Activity: An exact repeat is needed of the lines from the one with "Johannes Brahms Lullaby" through the last line of the data below. Please omit the pictures.

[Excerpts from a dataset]
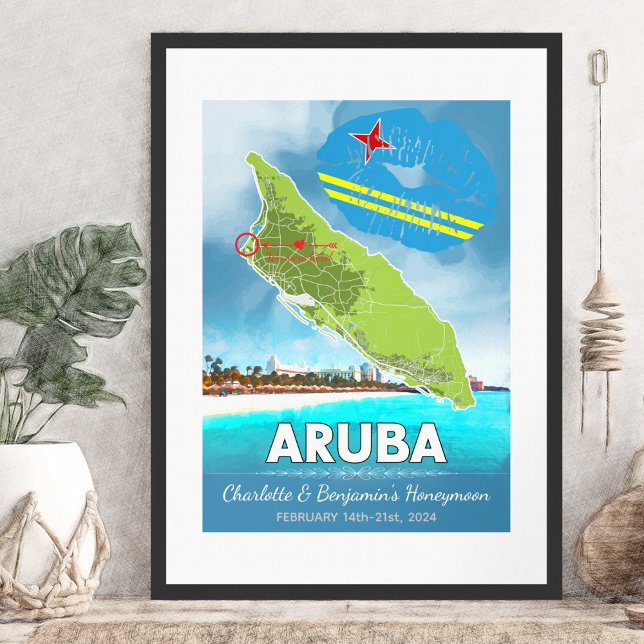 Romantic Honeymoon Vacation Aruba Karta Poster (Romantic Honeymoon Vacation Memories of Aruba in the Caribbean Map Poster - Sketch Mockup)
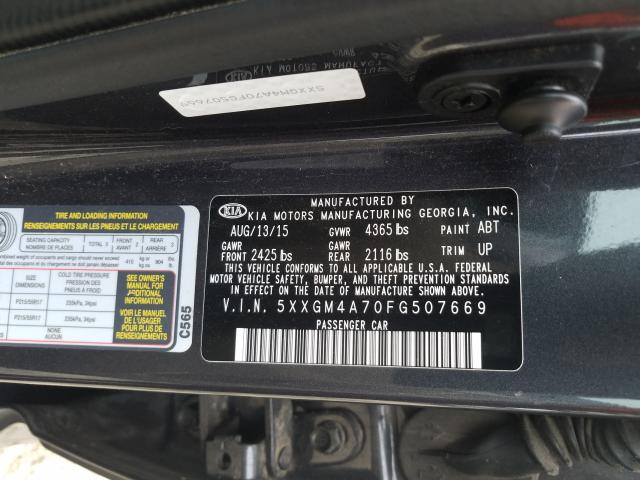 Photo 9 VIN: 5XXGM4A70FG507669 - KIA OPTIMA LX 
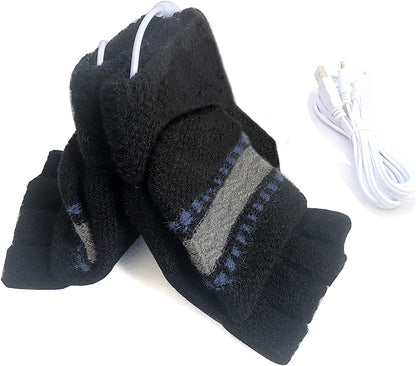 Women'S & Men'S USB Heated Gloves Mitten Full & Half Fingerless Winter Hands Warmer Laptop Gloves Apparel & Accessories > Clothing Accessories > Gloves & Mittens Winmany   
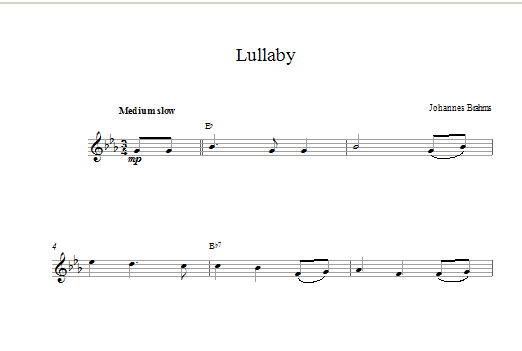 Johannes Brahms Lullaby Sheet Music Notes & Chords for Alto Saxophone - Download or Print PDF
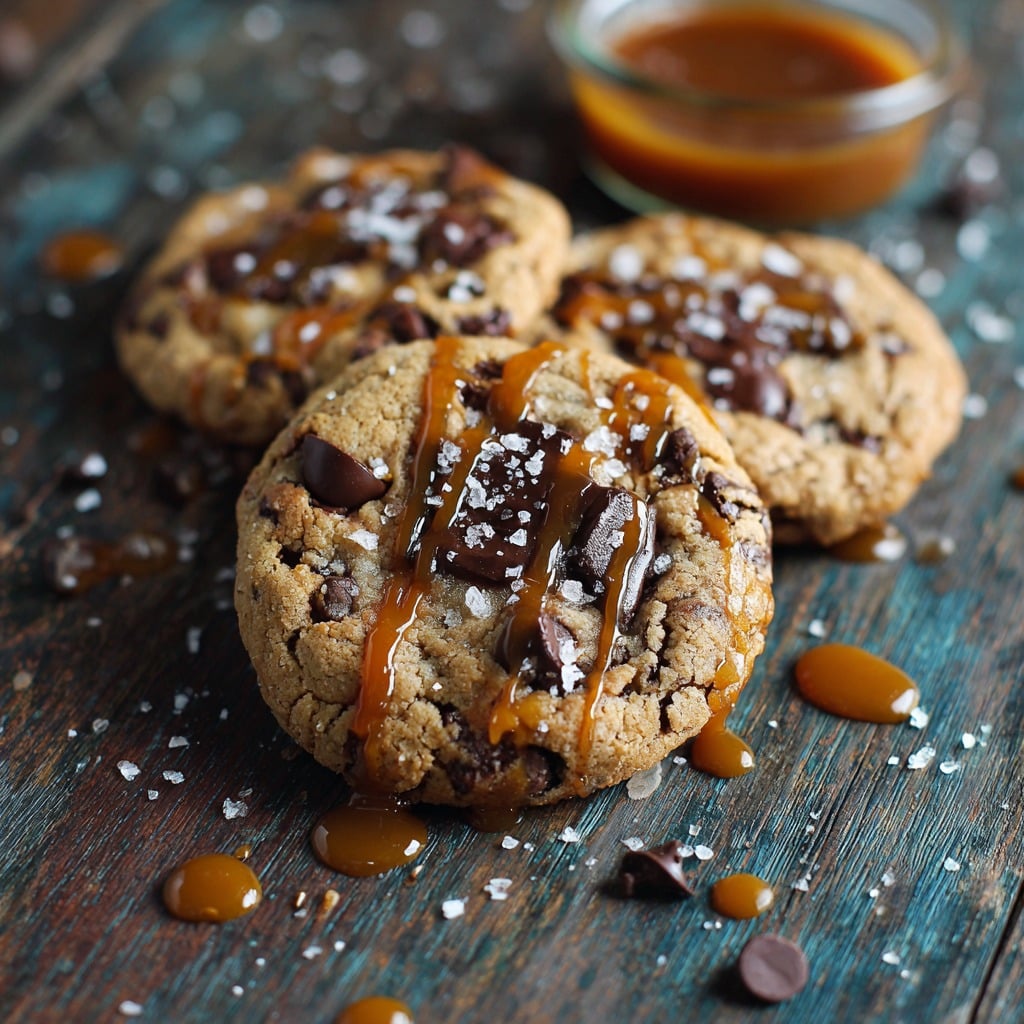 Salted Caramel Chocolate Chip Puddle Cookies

Exercise output:
 Johannes Brahms Lullaby Sheet Music Notes & Chords for Alto Saxophone - Download or Print PDF
 Salted Caramel Chocolate Chip Puddle Cookies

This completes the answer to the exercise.